The context: One avenue for acquiring a green card or permanent residency in the US is through the EB-5 Immigrant Investor Visa Program. This initiative was started in the 1990s as a way to attract overseas investor capital to projects in ostensibly needy areas.

Yet the EB-5 program has come under fire in recent months amid accusations that it has become a vehicle for wealthy investors to effectively buy their way into the US and invest in projects – namely, luxury real estate – that are completely unrelated to the program's intended goal. The program has even been targeted by members of Congress for elimination given the criticism.

Family members of Trump administrator advisor Jared Kushner, who is President Donald Trump's son-in-law, sparked controversy earlier this month after appearing to encourage Chinese citizens to invest in their developments via the EB-5 program – and curry favor with Trump in the process.

The bitcoin connection: Recent statements from the head of the Immigrant Investor Visa Program office, Lori MacKenzie, suggest that investors may, in fact, be able to pay their obligations under the EB-5 guidelines using bitcoin.

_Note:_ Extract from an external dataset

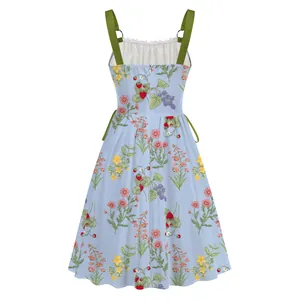 Back view detail showing metal ring straps on light blue floral print vacation dress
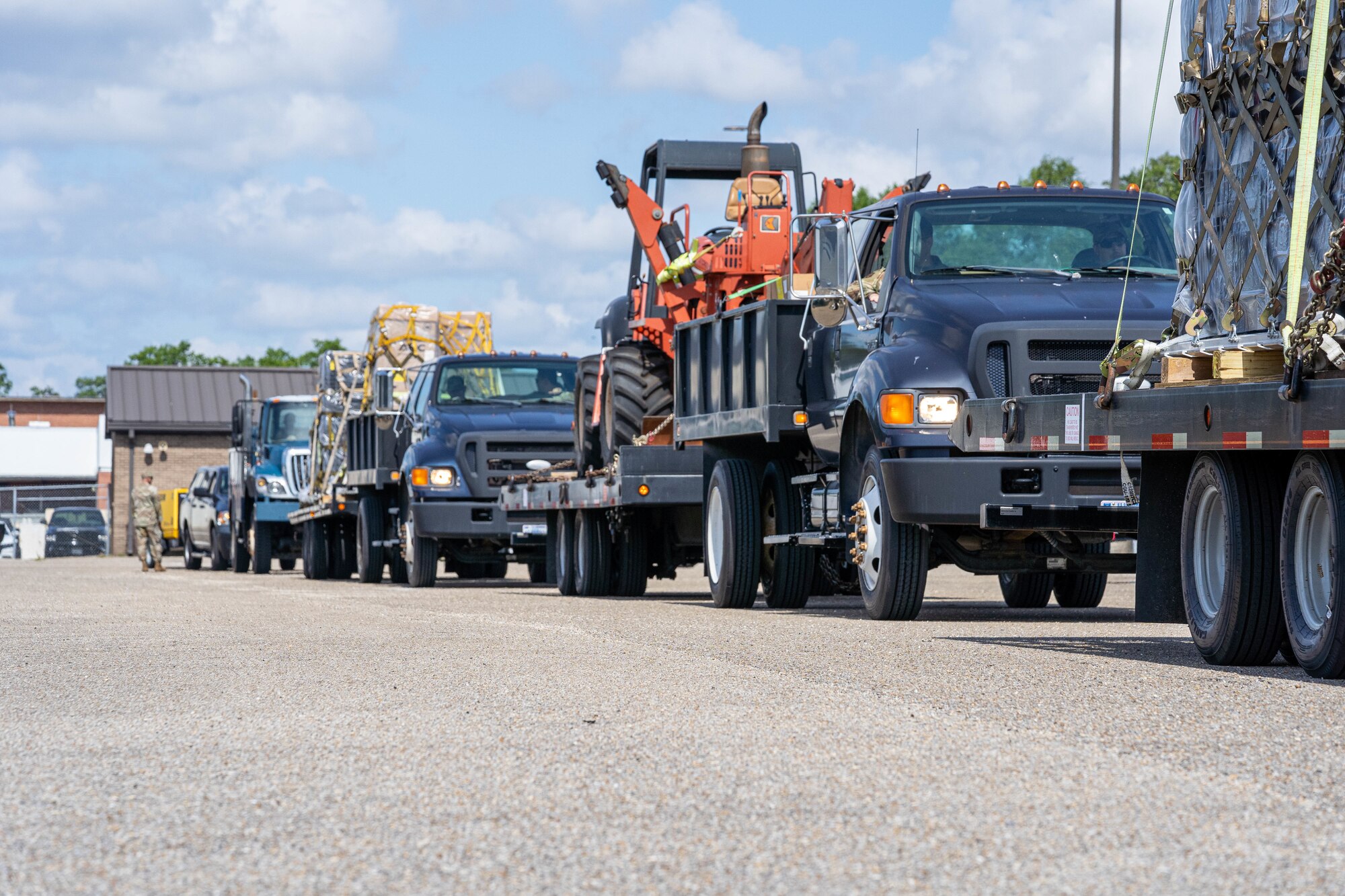 Multiple vehicles carrying heavy equipment head to another installation for the Cyberspace Infrastructure Damage Assessment and Restoral Actions Exercise at the 85th Engineering Installation Squadron, May 21, 2024.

MacKenzie, who spoke on 3rd March during an EB-5 event in Washington, DC, said that Citizenship and Immigration Services (CIS) is "considering issues involving virtual currency such as bitcoin" related to "the use of bitcoin to transfer investment funds to the new commercial enterprise".

She went on to say:

"USCIS cannot provide blanket assurances regarding any particular form of transfer, but we will continue to evaluate evidence provided by petitioners to determine whether the relevant statutory and regulatory requirements have been met, including evidence that the funds invested belong to the petitioner, and were acquired, directly and indirectly, by lawful means."

Bottom line: So, what does this mean?

For starters, blockchain is a topic that is on the US government's radar, but whether it will result in a concrete policy shift or statement remains to be seen. A representative for CIS did not immediately respond to a request for comment.

Indeed, it's a subject – at least somewhat – that has come in the past, led by questions of whether income derived from bitcoin-related activities can be used to satisfy the EB-5 requirements. The consensus appears to be that the government shouldn't take issue with it, though as several experts remarked last year, the source of the funds would be a paramount issue.

Then again, this could all be rendered moot should the EB-5 be abolished. At the same time, it's not clear whether the Trump administration will move to axe the program.